The digital marketing world, though, is a little more complicated because of the sheer range of channels and objectives. Thus, breaking it down into smaller chunks can help.
The first thing to do is to create a list of all of the channels that your business uses. When you write it down, you often find that you have more touchpoints with customers than you thought.
Here’s a rundown:
- Social media channels
- PPC ads that appear in search results
- Remarketing ads and banners
- Public relations campaigns on third-party sites
- Guest blogging
- Website and blog
- Emails and other forms of automated marketing
Knowing which channels you should use as part of your digital transformation, however, can be a challenge.
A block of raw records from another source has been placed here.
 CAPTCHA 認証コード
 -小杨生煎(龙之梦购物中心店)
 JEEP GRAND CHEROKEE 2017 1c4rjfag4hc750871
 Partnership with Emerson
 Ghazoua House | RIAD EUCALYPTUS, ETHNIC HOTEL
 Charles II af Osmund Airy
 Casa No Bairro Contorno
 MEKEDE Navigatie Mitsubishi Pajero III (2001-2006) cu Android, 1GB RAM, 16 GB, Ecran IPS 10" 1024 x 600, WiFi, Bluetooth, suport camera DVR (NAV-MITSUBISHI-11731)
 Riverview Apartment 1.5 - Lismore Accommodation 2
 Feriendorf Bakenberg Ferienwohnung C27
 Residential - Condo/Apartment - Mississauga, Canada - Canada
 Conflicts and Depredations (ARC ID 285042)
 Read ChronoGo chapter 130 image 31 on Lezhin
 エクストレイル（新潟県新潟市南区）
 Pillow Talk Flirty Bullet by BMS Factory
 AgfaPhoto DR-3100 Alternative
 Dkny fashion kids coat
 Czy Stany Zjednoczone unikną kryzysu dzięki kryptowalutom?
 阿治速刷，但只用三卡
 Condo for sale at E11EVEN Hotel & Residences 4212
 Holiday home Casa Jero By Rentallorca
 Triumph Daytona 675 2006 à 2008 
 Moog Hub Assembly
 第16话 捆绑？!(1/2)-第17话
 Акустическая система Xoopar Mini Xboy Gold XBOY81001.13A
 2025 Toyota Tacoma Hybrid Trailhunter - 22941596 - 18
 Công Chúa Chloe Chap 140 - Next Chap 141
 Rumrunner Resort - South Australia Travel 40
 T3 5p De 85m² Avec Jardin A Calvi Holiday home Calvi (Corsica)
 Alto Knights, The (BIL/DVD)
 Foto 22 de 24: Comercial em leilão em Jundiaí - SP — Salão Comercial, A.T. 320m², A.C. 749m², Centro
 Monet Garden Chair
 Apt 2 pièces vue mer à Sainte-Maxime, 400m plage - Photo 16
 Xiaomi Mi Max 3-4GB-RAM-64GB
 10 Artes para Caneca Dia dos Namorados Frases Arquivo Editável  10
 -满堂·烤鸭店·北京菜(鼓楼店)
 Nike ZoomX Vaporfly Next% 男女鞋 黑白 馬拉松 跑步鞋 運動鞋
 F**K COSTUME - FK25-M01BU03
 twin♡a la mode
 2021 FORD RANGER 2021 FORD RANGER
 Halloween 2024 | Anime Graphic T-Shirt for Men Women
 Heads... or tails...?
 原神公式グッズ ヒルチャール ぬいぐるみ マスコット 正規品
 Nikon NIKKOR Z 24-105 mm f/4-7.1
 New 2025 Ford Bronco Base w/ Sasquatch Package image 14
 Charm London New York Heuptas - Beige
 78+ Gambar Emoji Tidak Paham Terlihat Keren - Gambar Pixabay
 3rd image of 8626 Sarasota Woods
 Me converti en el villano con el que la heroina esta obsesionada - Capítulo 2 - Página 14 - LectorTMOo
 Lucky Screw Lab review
That’s why it helps to break it down into bite-sized pieces.
Here’s what to do:
- Research your channels: Find out who is using which channels and then see whether they match up closely to your buyer persona (the “average” customer who interacts with your business).
- Identify your target audience: Look for channels that offer audiences to whom you could potentially sell.
- Build the use of that channel: Sometimes a particular channel will offer such compelling benefits for your customers and business that it is worth investing in it directly.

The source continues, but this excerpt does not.